Je crains un congrès de surenchères

Jean-Marc Ayrault


Entretien avec Jean-Marc Ayrault, député-maire de Nantes, président du groupe socialiste à l'Assemblée nationale, paru dans Libération daté du vendredi 25 avril 2003
Propos recueillis par Didier Hassoux
 

Comment avez-vous perçu les critiques des opposants à François Hollande ?
Ces critiques sont particulièrement regrettables. Empêtré dans ses difficultés économiques et sociales, Jean-Pierre Raffarin se réjouit chaque jour de nos contradictions pour accomplir son projet hyperlibéral. Allons-nous lui prêter la main en tombant dans les surenchères ridicules qui, au final, nous rendent inaudibles ? Rater le congrès de Dijon reviendrait à précipiter le Parti socialiste sur le toboggan du déclin alors que le pays a besoin, non pas seulement d'une alternance, mais d'une alternative crédible.

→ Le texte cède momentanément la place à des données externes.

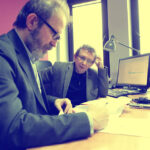 Radiowa 4, Teatr Polskiego Radia Kielce. Grzegorz Kozera i Ryszard Koziej pracują nad scenariuszem. / Wojciech Habdas / Radio Kielce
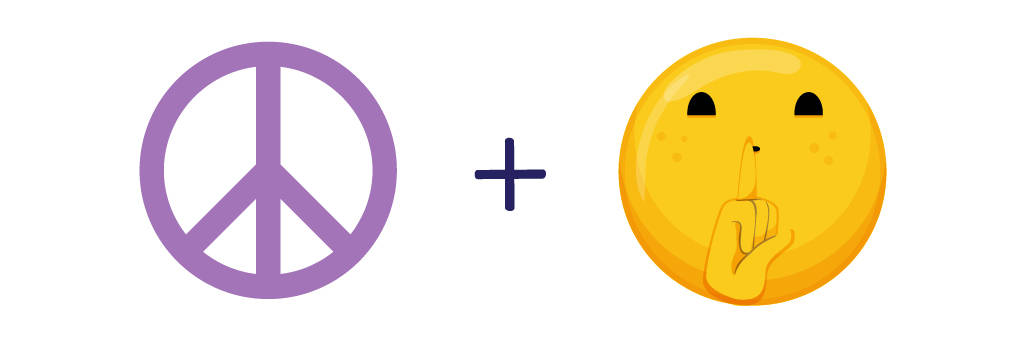 The plus sign does not always mean addition in rebus puzzles! In this case it stands for 'and'. There is an image of the peace symbol, an addition symbol, and a 'shhh' emoji. What is the answer to this rebus puzzle? The answer is included!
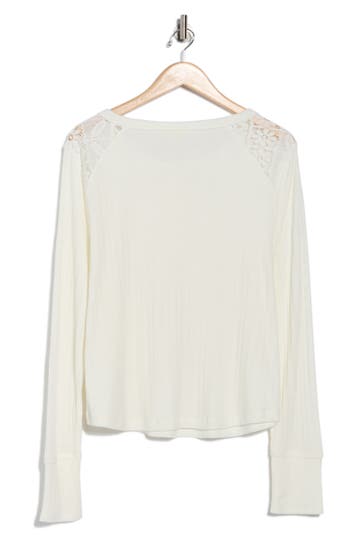 Lucky Brand Cloud Lace Rib Henley In White
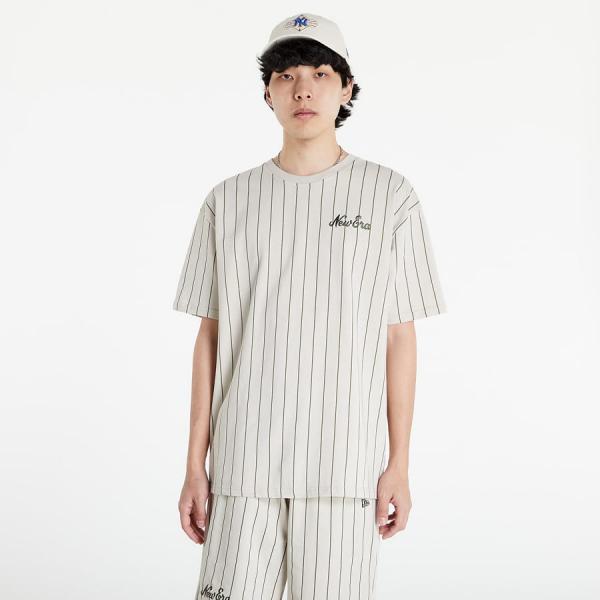 Tričko s krátkým rukávem New Era Oversized Pinstripe Tee Stone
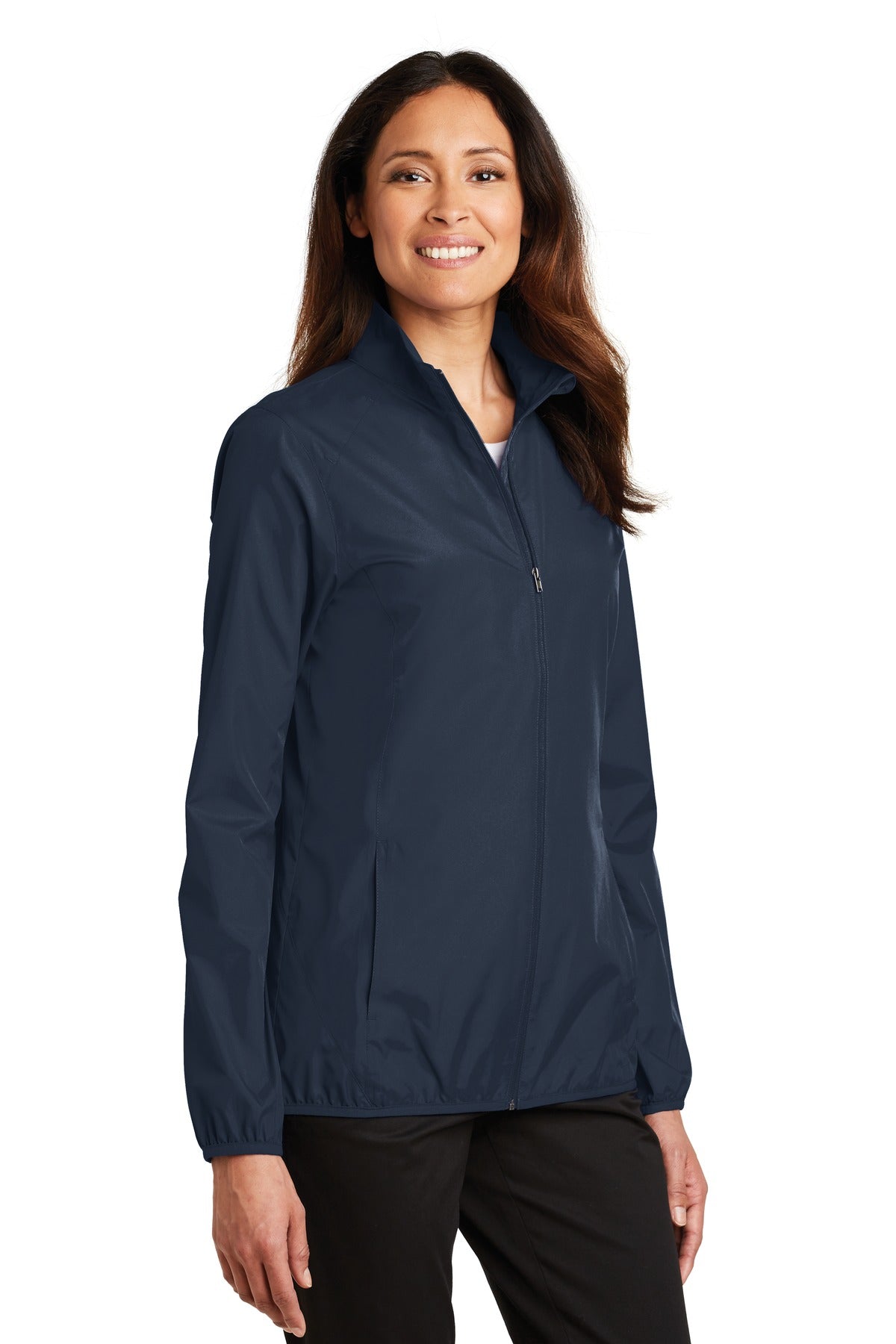 Port Authority Women's Zephyr Full-Zip Jacket. L344 - Dress Blue Navy - three_q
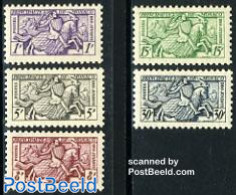Monaco 1951 Seal Of Prince 5v, Mint NH, History - Nature - Knights - Horses - Nuevos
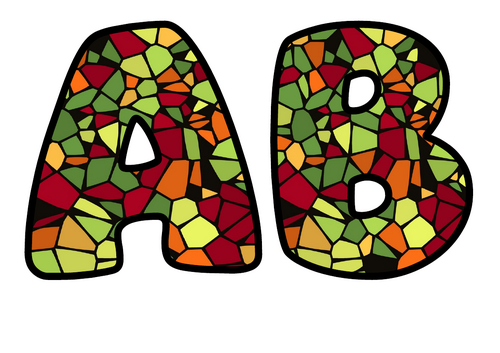 Orchard Stained Glass Bubble Letters | Bulletin Board Letters | Printable A-Z and 0-9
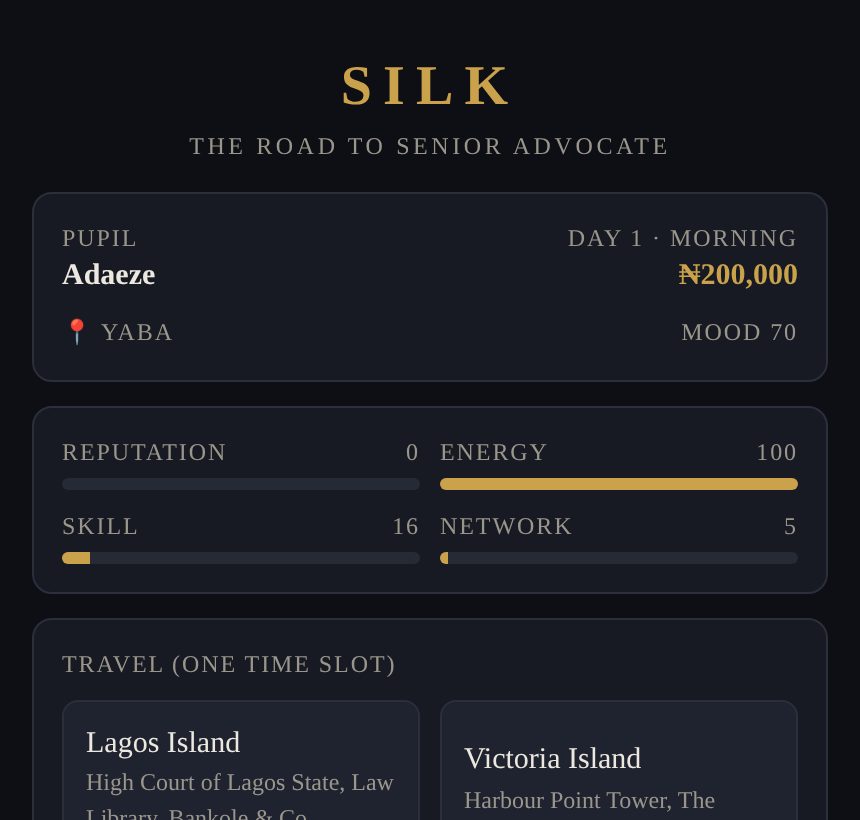 SILK Lagos travel menu: Lagos Island, Victoria Island, Ikoyi, Lekki and Yaba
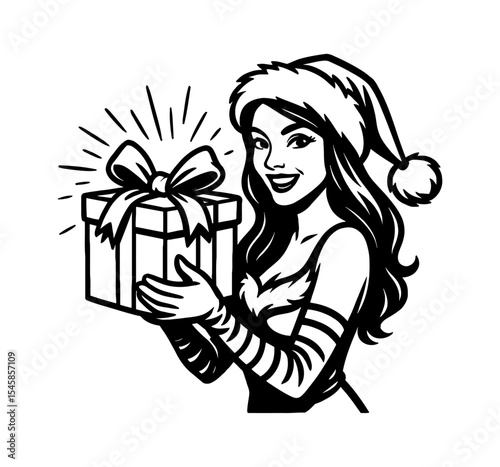 Smiling Woman in Santa Hat Holding Gift Box Vector Illustration, Christmas Concept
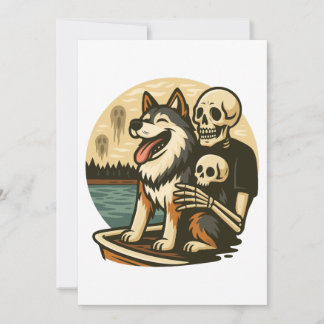 Skeleton with Dog on Haunted Lake Horror Art Inbjudningar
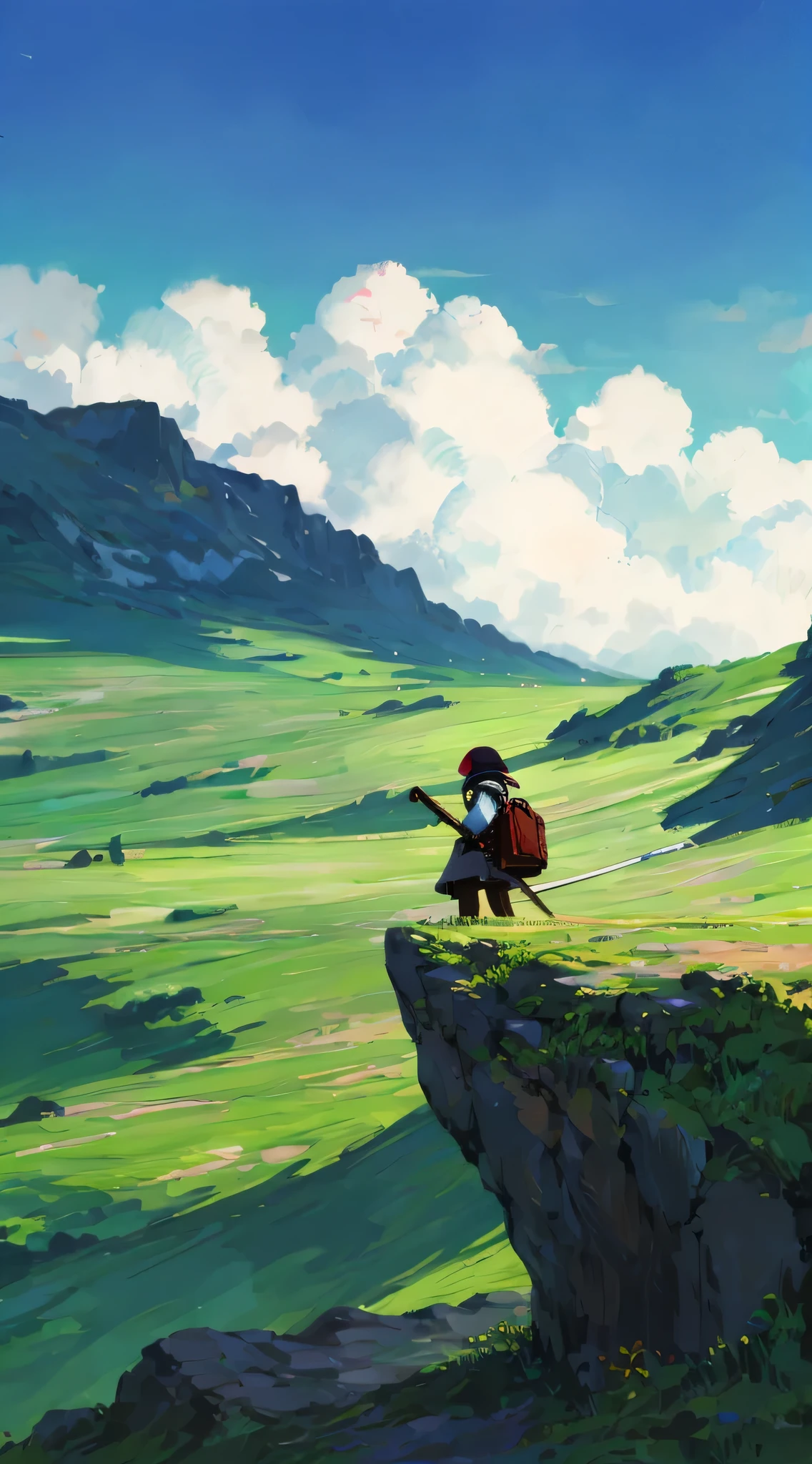 Cartoon style picture of woman holding sword on cliff, game art, detailed game art, RPG landscape, official art, Epic RPG Portrait, fantasy game art style, 科里奥利角色扮演game art风格, mobile game art, game art, concept art for a video game, Inspired by Sylvain Salai, a wanderer in the Mountains，Mountain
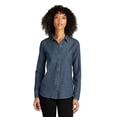 thumbnail image 1 of Port Authority LW676 Ladies Long Sleeve Perfect Denim Shirt, Medium Wash, XS, 1 of 3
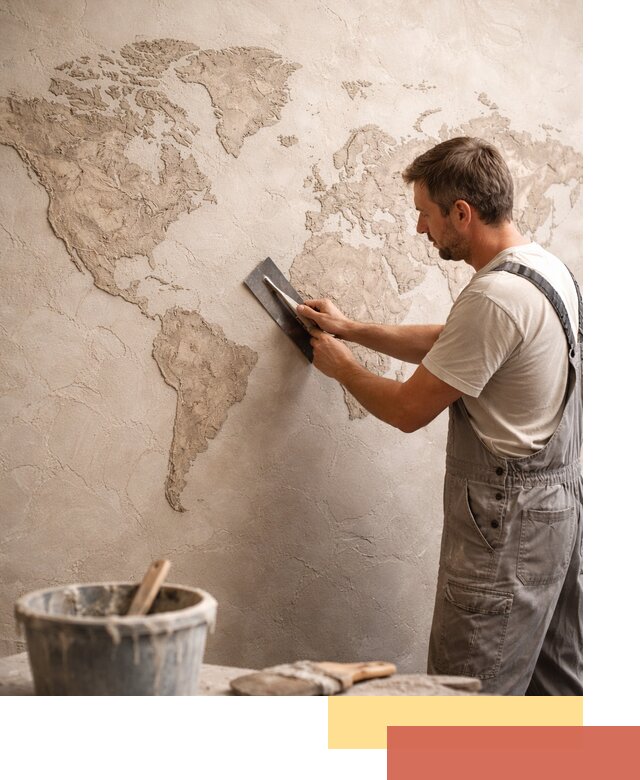 Декоративная штукатурка «Карта мира» под ключ в Нурлате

Pour éviter cette dégringolade, vous souhaitez finalement que « tout le monde se retrouve derrière le chef », comme le fait remarquer Emmanuelli ?
Il est naturel qu'existent des divergences entre les différentes motions. C'est le cas sur l'Europe, c'est le cas sur la stratégie à mener pour reconquérir notre électorat. Nous devons bien évidemment parler de ces différences pour les régler. Mais je n'accepte pas, comme certains le disent depuis l'été dernier, que l'on « fasse feu sur le quartier général ». Nous sommes collectivement responsables de la défaite. Partisan de François Hollande, moi aussi, je revendique le droit et même le devoir d'inventaire. Nous devons tirer le bilan des années Jospin avec ses forces et ses faiblesses. Mais j'en ai un peu assez du réformisme honteux, complexé qui rase les murs. Assumons notre identité d'authentiques sociaux-démocrates sans verser toujours dans le " plus à gauche que moi tu meurs ''. Le PS doit devenir le parti de toute la société. Malheureusement, si cela continue, je crains le scénario catastrophe d'un congrès de surenchères sans axe clair. J'ai participé à plusieurs réunions de motion. J'ai le sentiment que beaucoup ne souhaitent pas qu'une majorité se dégage avant le congrès de Dijon. Elle m'apparaît pourtant nécessaire si nous voulons donner aux citoyens de gauche un signal fort de clarté, de lucidité et d'unité.

De ce point de vue c'est très mal parti...
Le Parti socialiste a une énorme responsabilité parce qu'il est la force motrice de la gauche et que les congrès respectifs des Verts et du PCF n'ont pas vraiment été réussis. Je ne veux pas que nous sortions de Dijon en étant obligés de négocier la ligne du parti à chaque bureau national. Je ne veux pas non plus revivre un nouveau congrès de Liévin [en 1994, Henri Emmanuelli était alors premier secrétaire] où le parti faisait un grand virage à gauche et demandait à l'arrivée à Jacques Delors, partisan de l'alliance au centre, d'être candidat à la présidentielle. Je retrouve ce grand écart dans certaines motions qui vendent du neuf pour faire du vieux.

Mais ce flou existe au sein de l'axe majoritaire...
Cet axe est le seul à assumer clairement notre identité réformiste, sociale-démocrate et européenne. La force de François Hollande est de rassembler au-delà des courants traditionnels et d'être le plus audacieux en matière de rénovation. C'est pourquoi il a besoin d'une majorité. Plus elle sera forte, plus il aura les coudées franches pour mener la rénovation sans être tributaire de dosages incompréhensibles. Avec lui toutes les cartes sont sur la table. Ce n'est pas le cas des autres motions qui ne disent jamais avec quelle majorité, avec quels hommes, avec quel premier secrétaire, elles veulent conduire le parti. L'oublier c'est ne pas respecter le vote des militants.